United's ROIC does not look highly attractive when compared to its publicly traded peer group: Alaska Air Group, Inc. (NYSE:ALK), Delta Air Lines, Inc. (NYSE:DAL), Southwest Airlines Co. (NYSE:LUV) and American Airlines Group Inc. (NASDAQ:AAL).
These return figures, in part, help explain why the company's EBITDA multiples trade at a discount to this same comparable company group.
The company's financial performance has improved over the last several years and is expected to continue improving.
Note how Wall Street's generally bullish on this entire airline group.
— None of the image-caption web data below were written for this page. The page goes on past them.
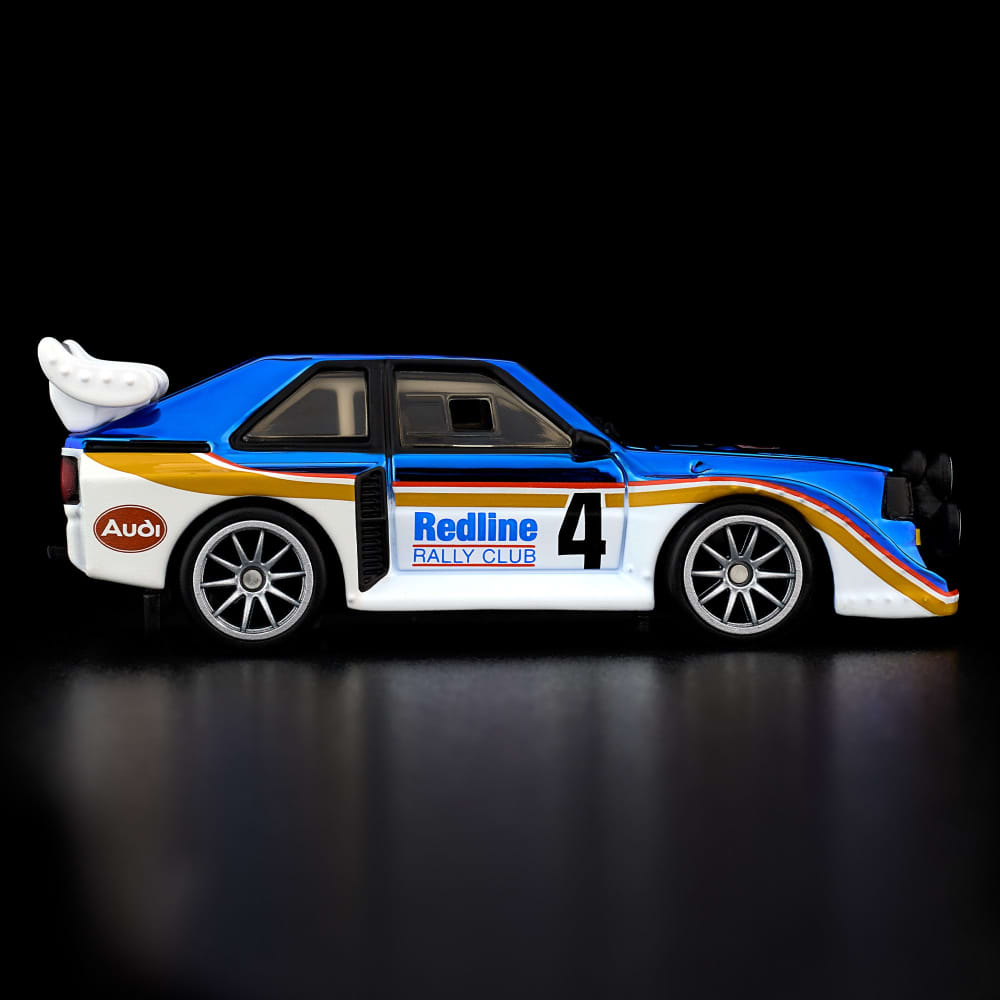 Hot Wheels Audi 1985 Sport quattro S1 Spectraflame Otto Blue 2026 RLC 1/64 Diecast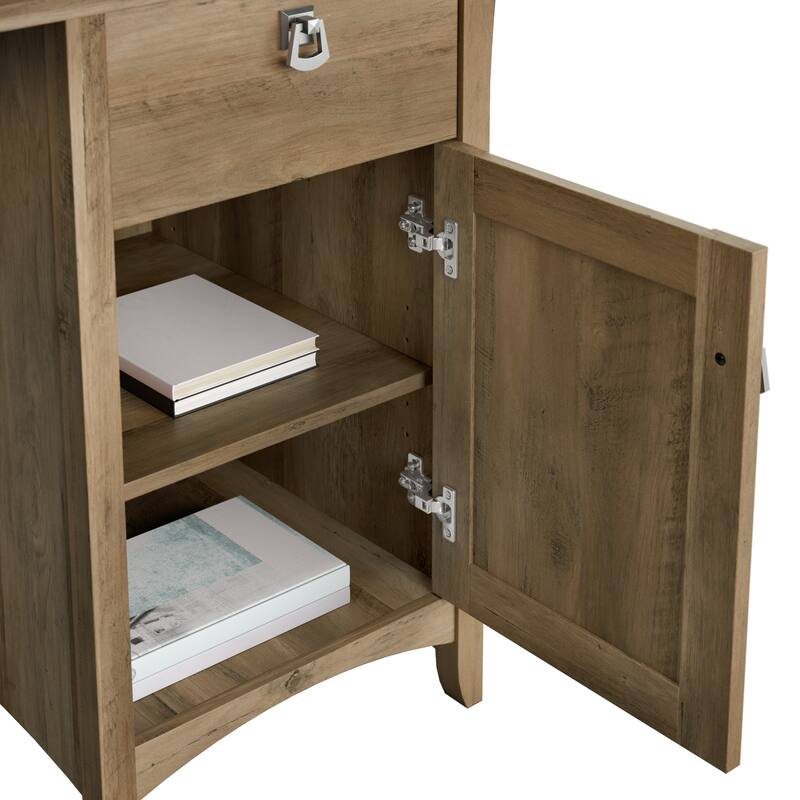 Bush Furniture Salinas Small Computer Desk with Storage Hutch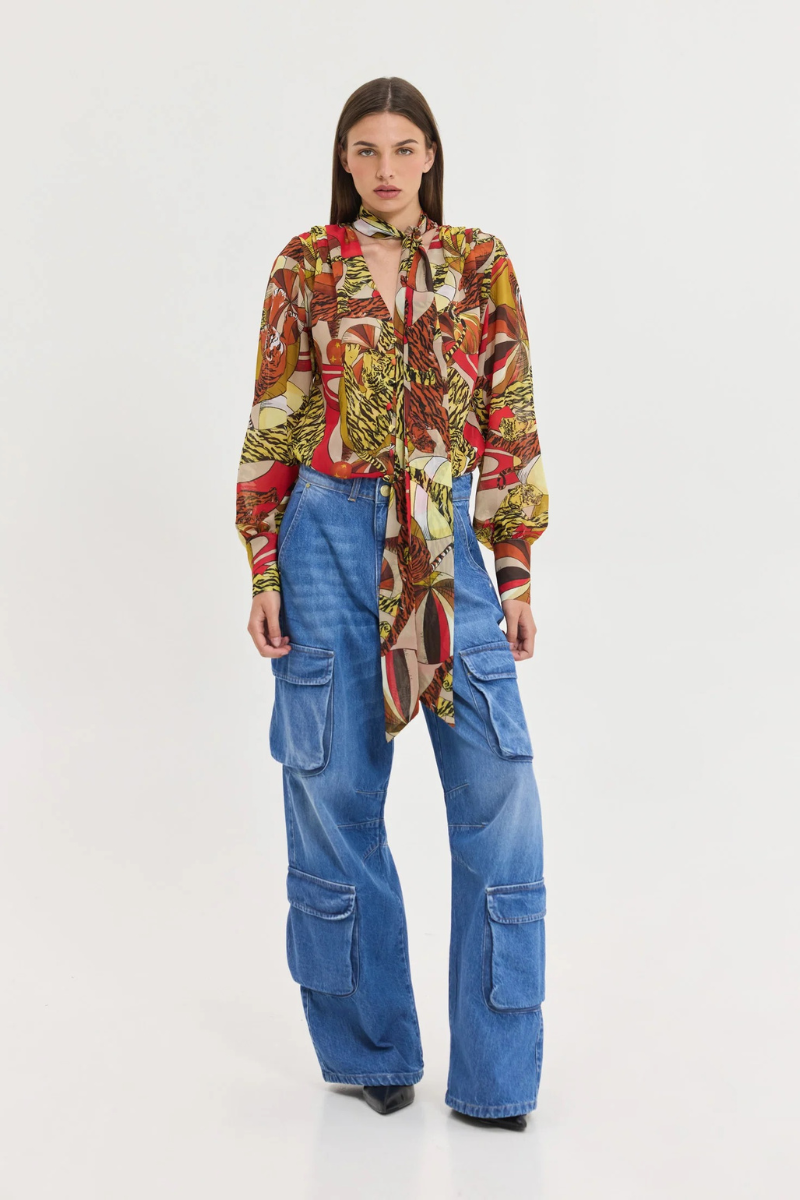 HEMITHEA - MERCURY DENIM PANTS MID BLUE 2 HEMITHEA - MERCURY DENIM PANTS MID BLUE - Image 2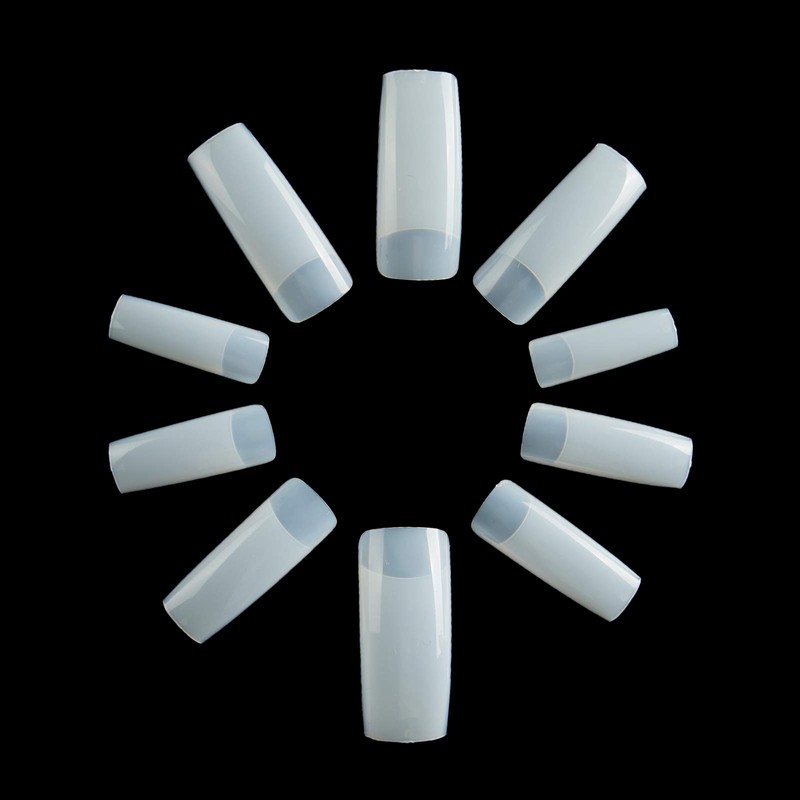 Half Cover Acrylic False Nail Tips, 500PCS Fake Nail Shape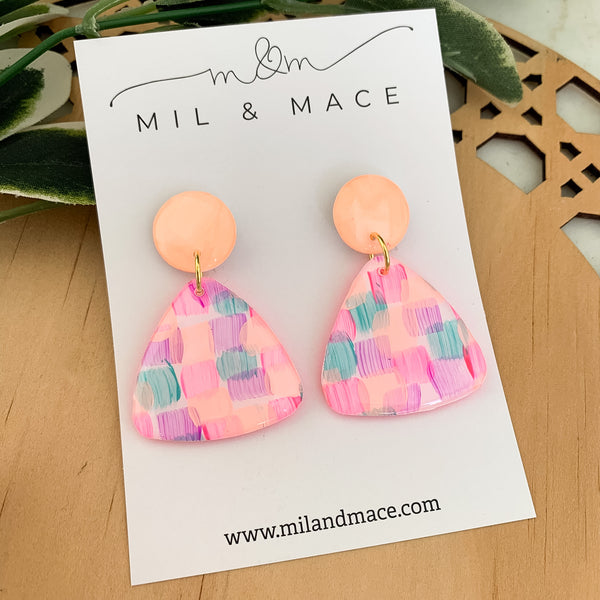 Neon Pop Yupo Dangle Earrings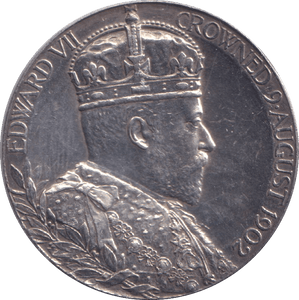 1902 SILVER EDWARD VII MEDALLION - MEDALS & MEDALLIONS - Cambridgeshire Coins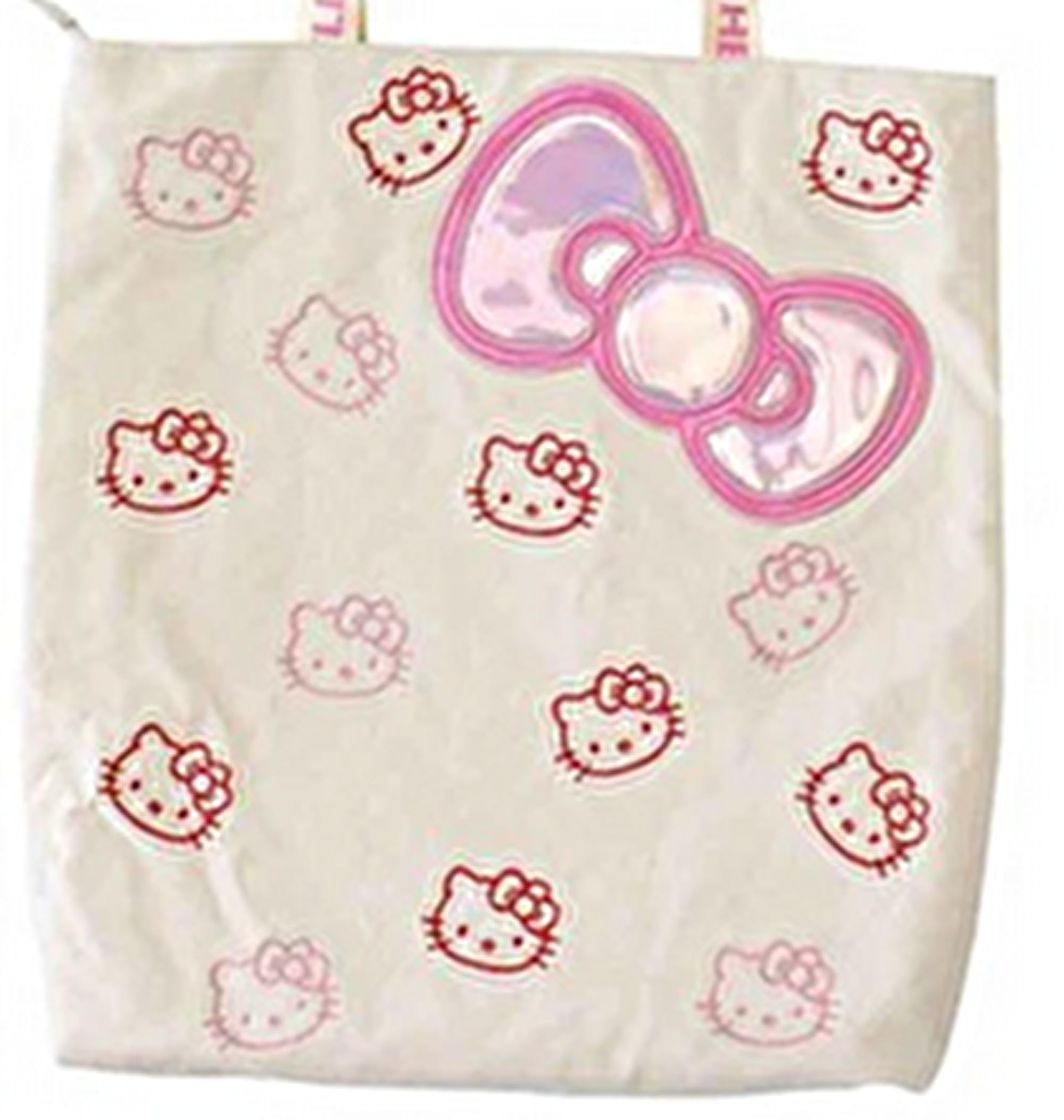 

Yasuda Tsusho KT Блестящая наплечная сумка 2901 Сумка через плечо Hello Kitty (слоновая кость) слоновая кость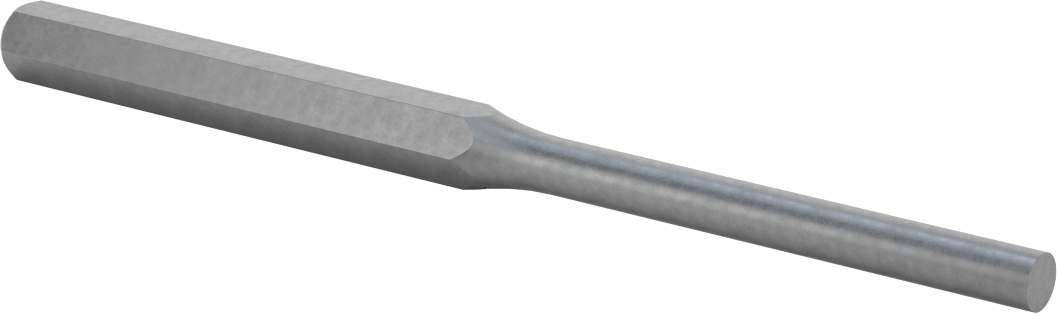 Pim Çıkarma Zımbası, Düz Tutamak, 3-1/2“ Uzunlukta 3/8” ve 9,5 mm Çaplı Pimler için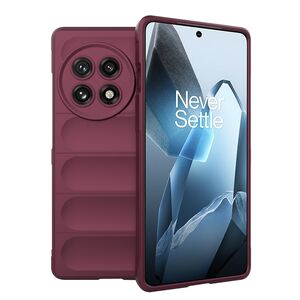 Husa pentru  OnePlus 13 Liquid Silicone, Microfibre Lining, Non-Slip Airbag Design, Bordeaux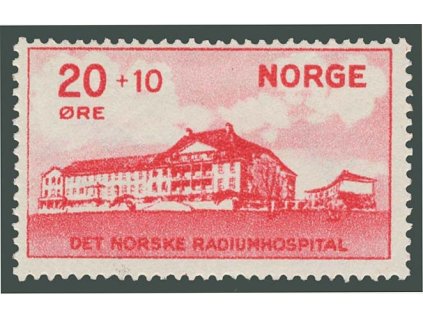 1931, 20Q Nemocnice, Oslo, MiNr.162, * po nálepce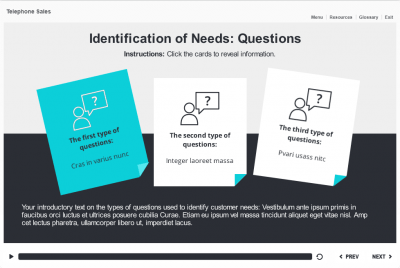 Click on Cards — Articulate Storyline Template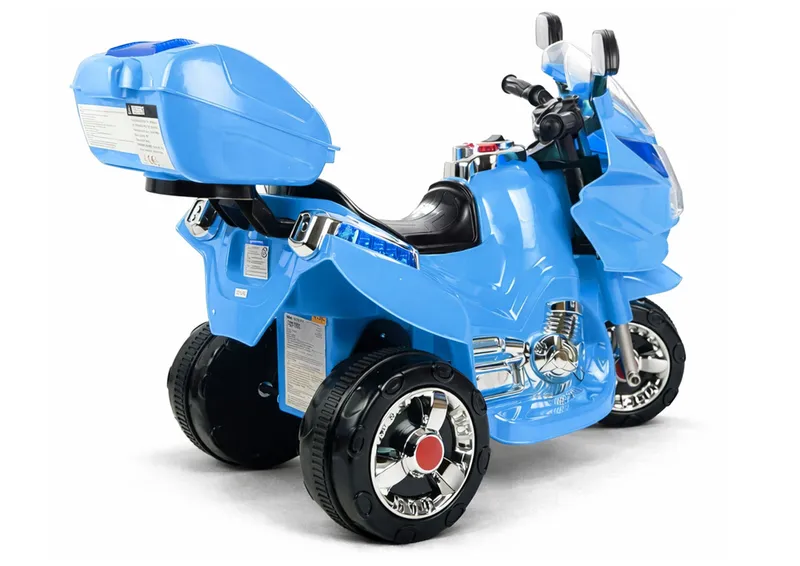 Motor Na Akumulator HC8051 Dla Dzieci Światła LED Dźwięki - Niebieski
However, our unbiased analyses concludes that only United and American Airlines are materially undervalued.
Furthermore, just this morning S&P Capital IQ reiterated its Buy rating on United and noted its positive fundamental outlook on the US airline industry. The research firm believes that, "valuations across the group are likely to expand in '17, on better unit revenue performance."
But which stock's valuation is positioned to improve the most?
Investors may want to take a closer look at United prior to earnings.